- _Task_
From the line containing "Woman with fall" to the line containing "A pale blue" in the records below, set down every line exactly as it stands, both ends included, and skip the pictures.

- _Excerpted records_
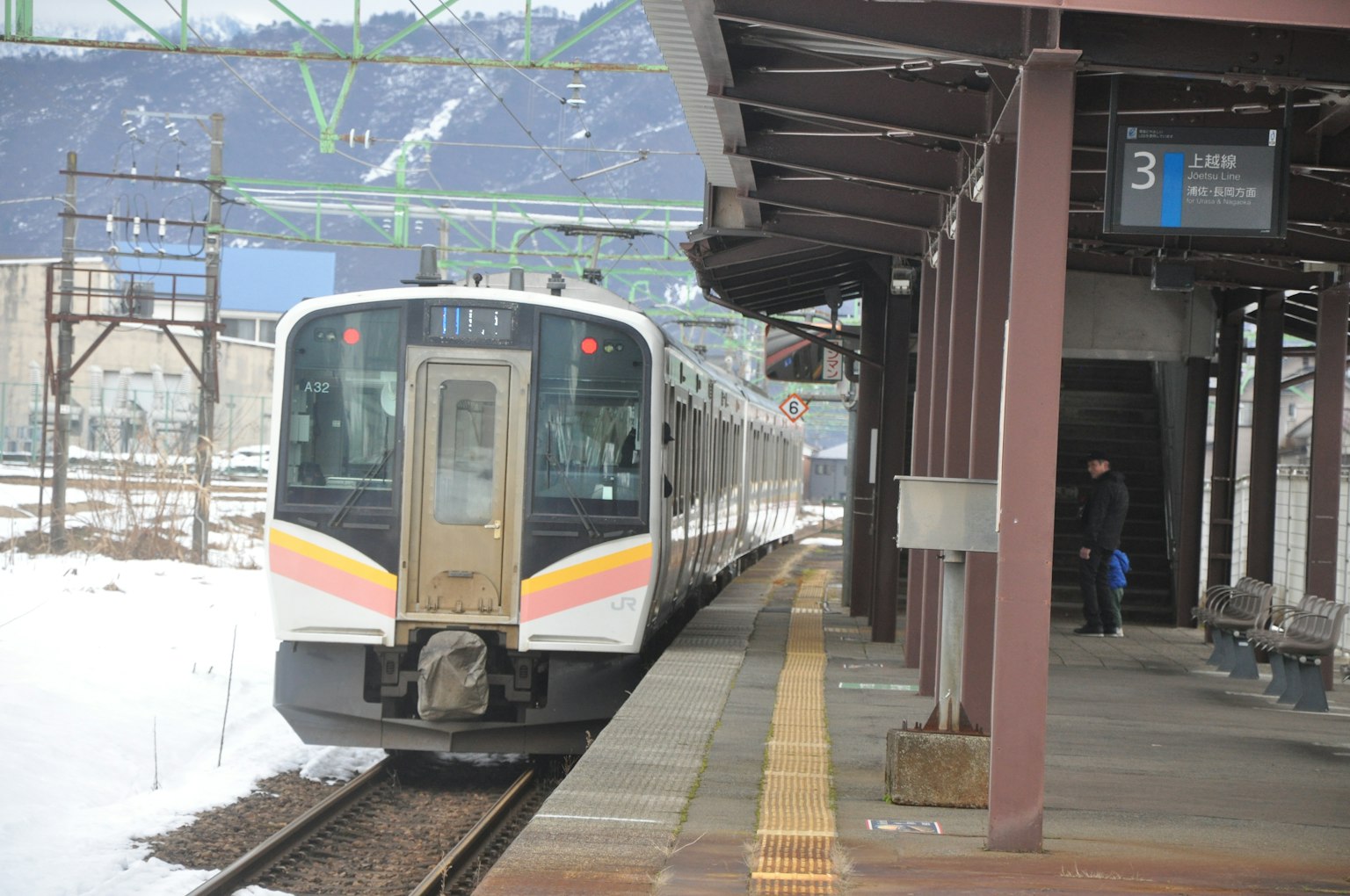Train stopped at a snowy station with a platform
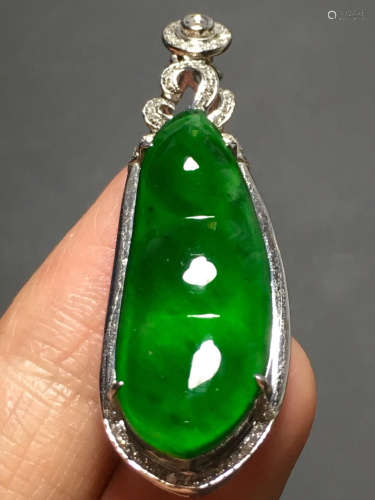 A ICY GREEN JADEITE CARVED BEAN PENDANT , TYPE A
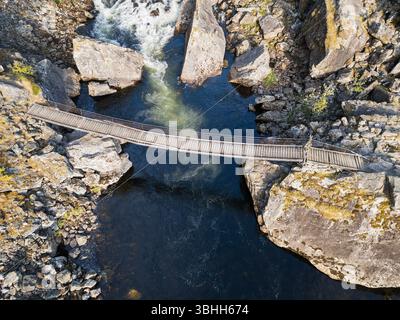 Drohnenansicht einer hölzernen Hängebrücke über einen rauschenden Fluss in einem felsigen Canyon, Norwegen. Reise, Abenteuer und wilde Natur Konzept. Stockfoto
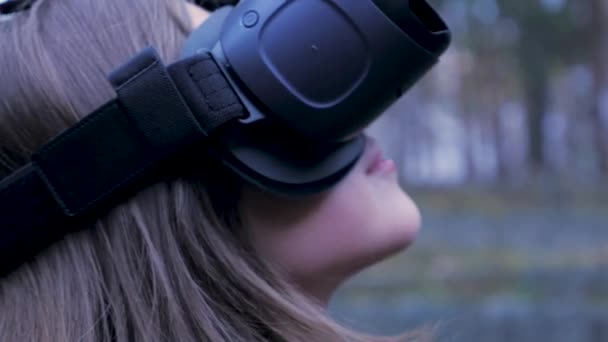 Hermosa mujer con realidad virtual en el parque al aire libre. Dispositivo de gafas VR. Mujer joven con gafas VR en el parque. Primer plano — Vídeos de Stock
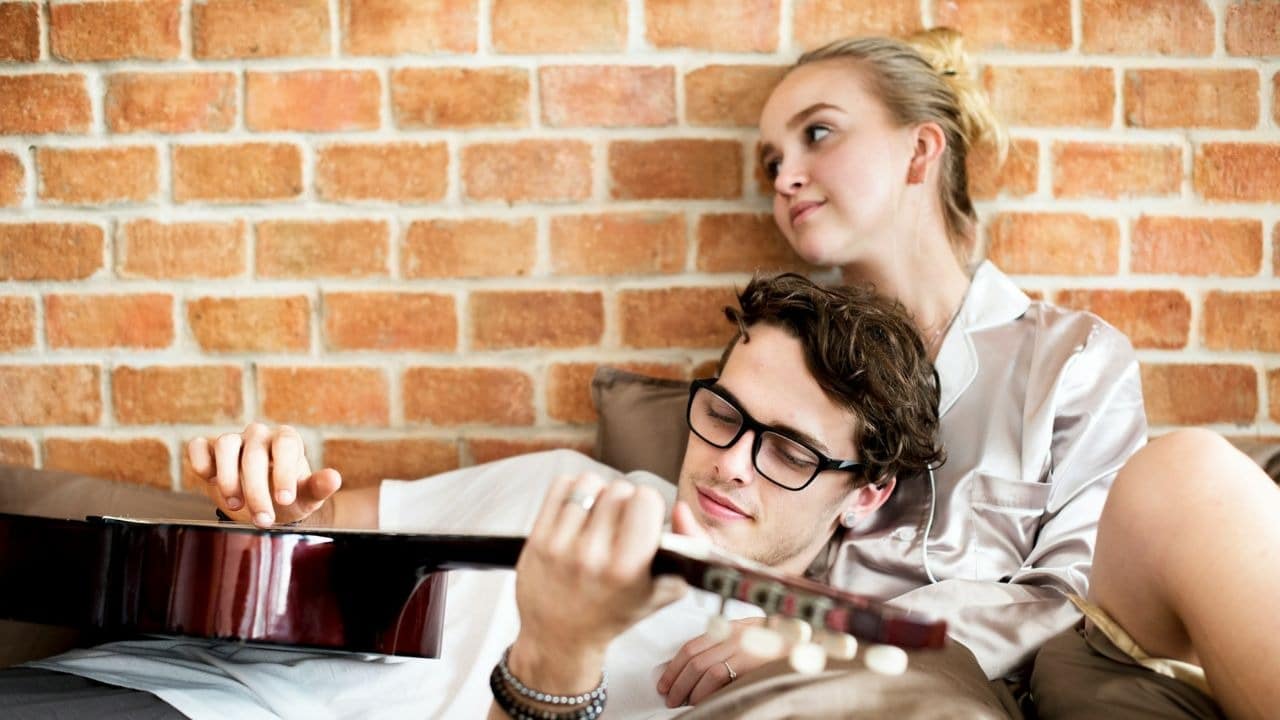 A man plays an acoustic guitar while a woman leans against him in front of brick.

--

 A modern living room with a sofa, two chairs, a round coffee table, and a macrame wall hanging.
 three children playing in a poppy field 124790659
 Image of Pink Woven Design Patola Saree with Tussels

==

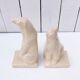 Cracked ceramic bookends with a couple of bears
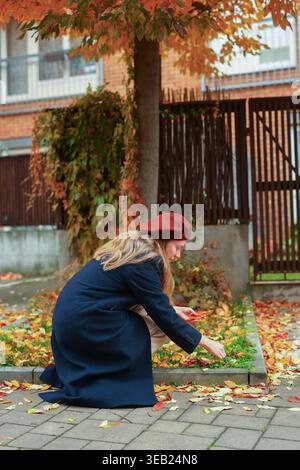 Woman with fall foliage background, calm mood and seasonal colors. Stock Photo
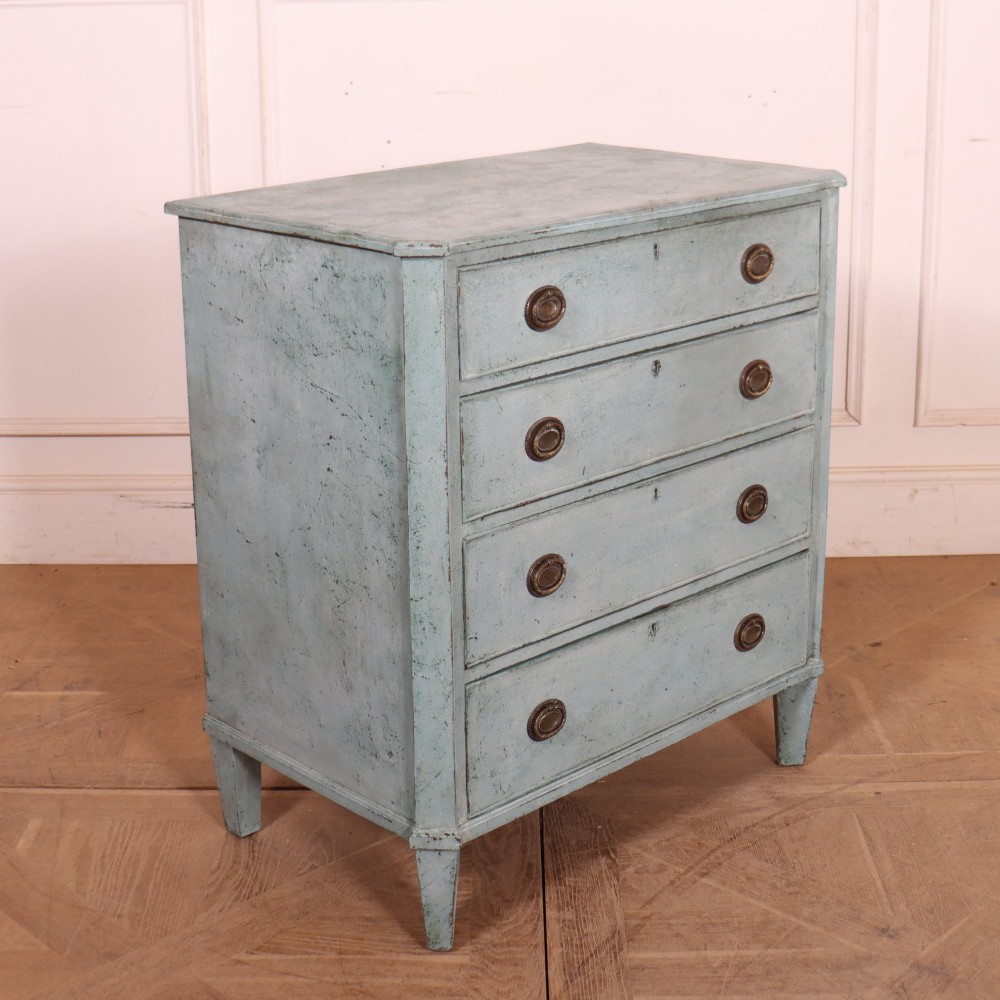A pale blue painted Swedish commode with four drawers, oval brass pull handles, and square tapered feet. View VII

- _Exercise output_
 Woman with fall foliage background, calm mood and seasonal colors. Stock Photo
A pale blue painted Swedish commode with four drawers, oval brass pull handles, and square tapered feet. View VII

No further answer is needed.